> [Work request]:
Going line by line through the records below, write out everything starting with the line containing "A row of ancient" and going on through the line containing "Composite image of", exactly and inclusively. Pictures do not go in.

> [Information shown]:
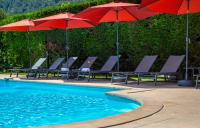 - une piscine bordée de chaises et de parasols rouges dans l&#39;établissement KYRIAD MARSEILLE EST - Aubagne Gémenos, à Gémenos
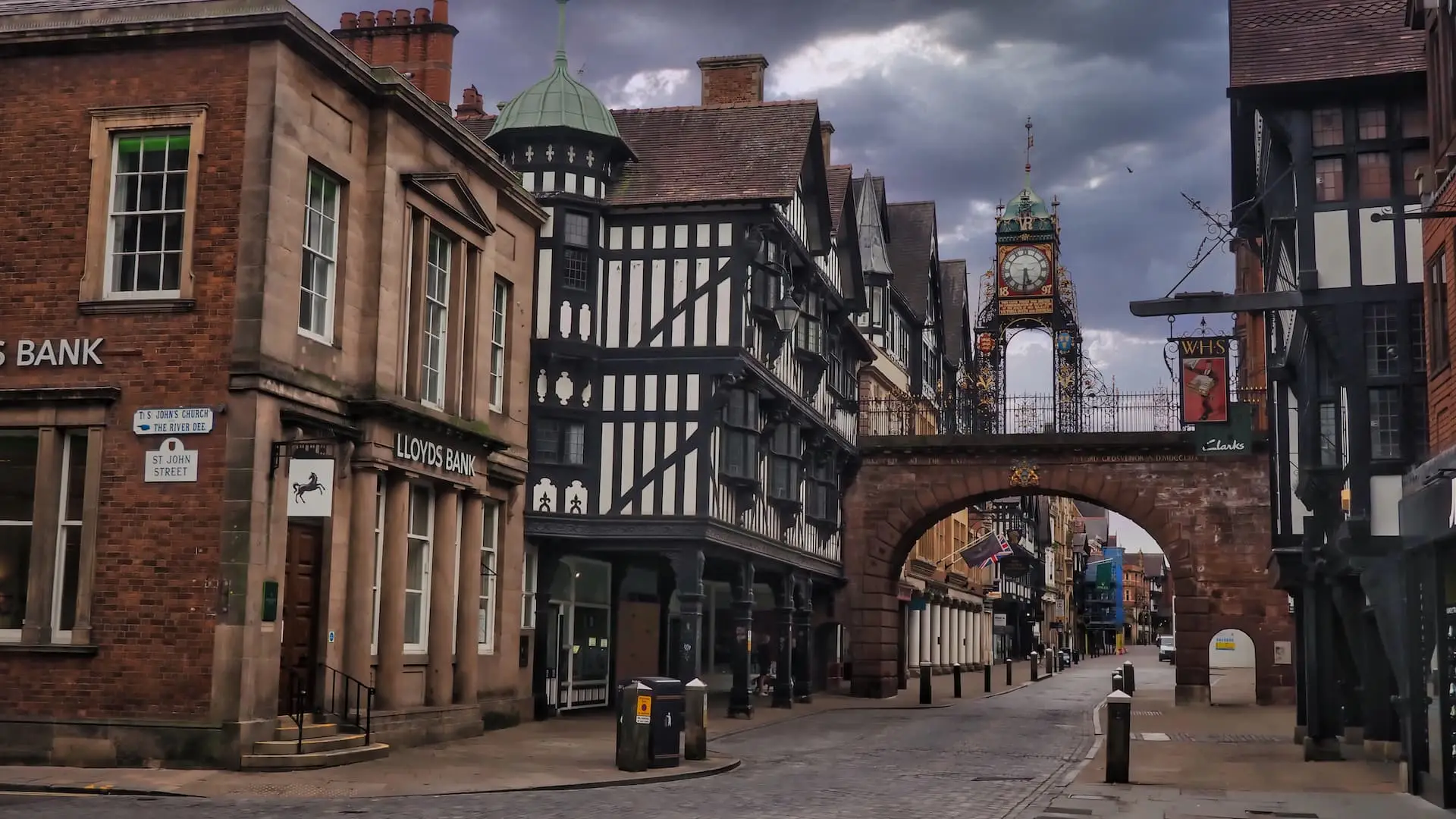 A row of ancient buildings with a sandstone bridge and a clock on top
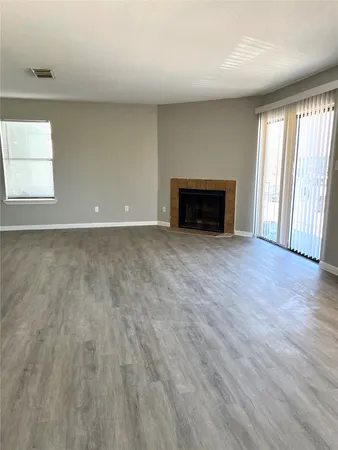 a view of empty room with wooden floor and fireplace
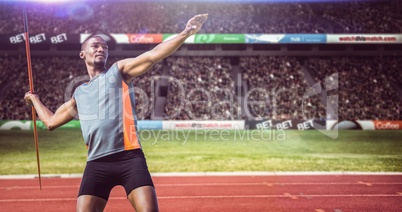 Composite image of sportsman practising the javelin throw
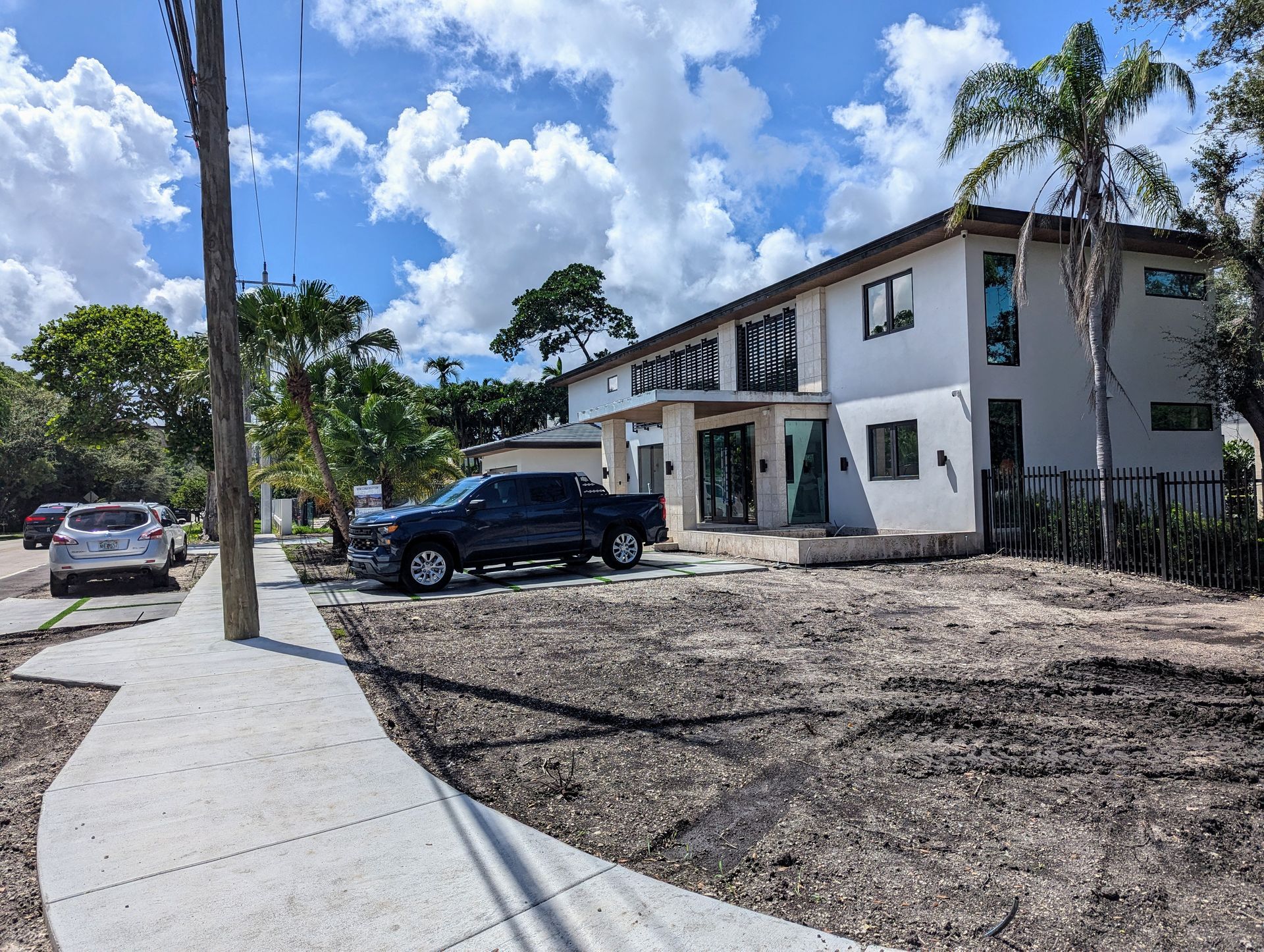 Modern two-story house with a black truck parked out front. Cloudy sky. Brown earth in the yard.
* * *
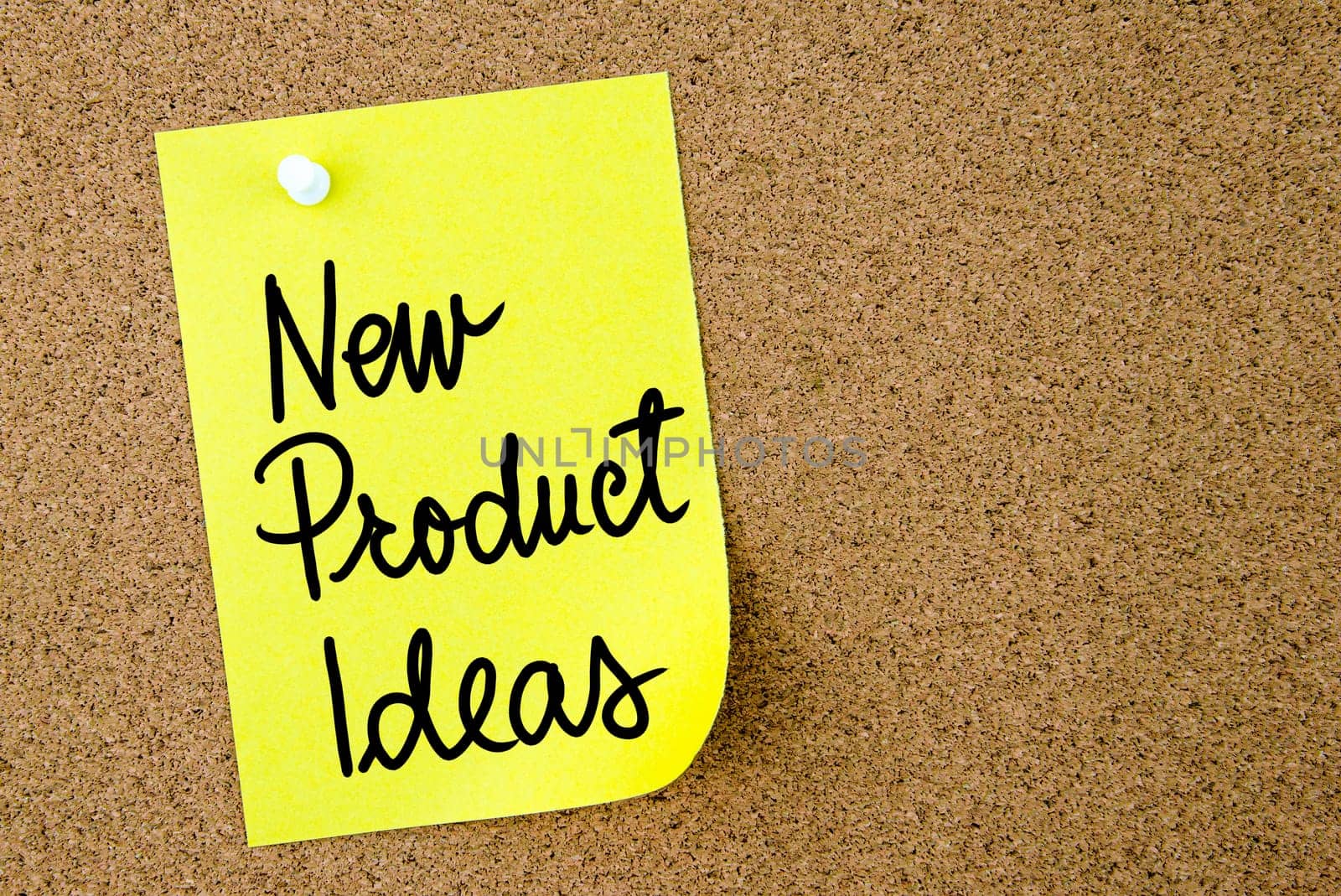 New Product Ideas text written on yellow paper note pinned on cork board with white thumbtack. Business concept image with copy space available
---
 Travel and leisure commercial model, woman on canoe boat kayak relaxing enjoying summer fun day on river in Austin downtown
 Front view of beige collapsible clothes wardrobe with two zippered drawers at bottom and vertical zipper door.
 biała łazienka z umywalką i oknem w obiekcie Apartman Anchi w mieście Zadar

> [Completed task]:
 A row of ancient buildings with a sandstone bridge and a clock on top
 a view of empty room with wooden floor and fireplace
 Composite image of sportsman practising the javelin throw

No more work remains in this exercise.